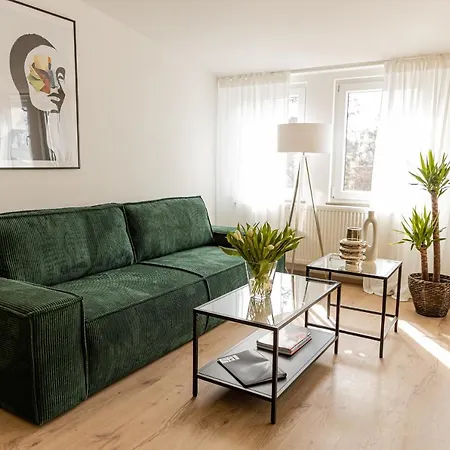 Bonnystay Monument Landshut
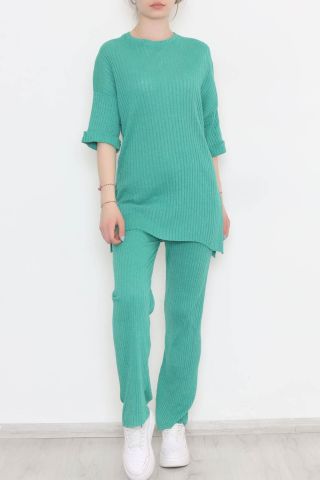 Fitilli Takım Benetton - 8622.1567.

□ □ □

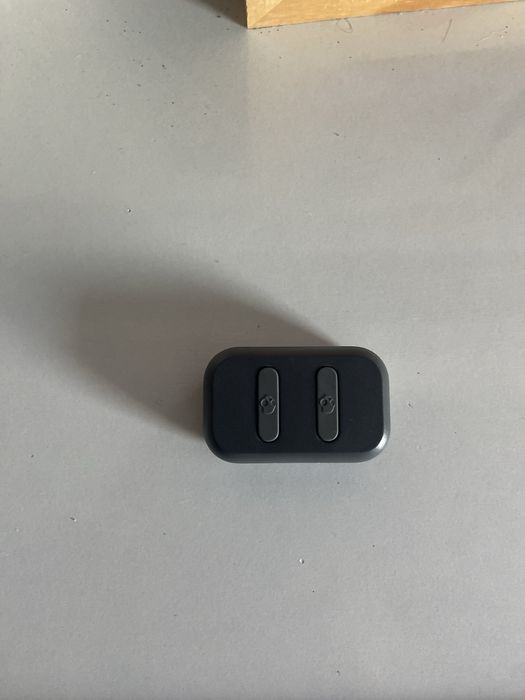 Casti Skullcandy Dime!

□ □ □

:: What this task involves ::
Going by the entries above, repeat exactly the lines that start at the line with "Bonnystay Monument Landshut" and go on through the line with "Fitilli Takım Benetton - 8622.1567.". Pictures are not part of the copy.

:: Response ::
 Bonnystay Monument Landshut
 Fitilli Takım Benetton - 8622.1567.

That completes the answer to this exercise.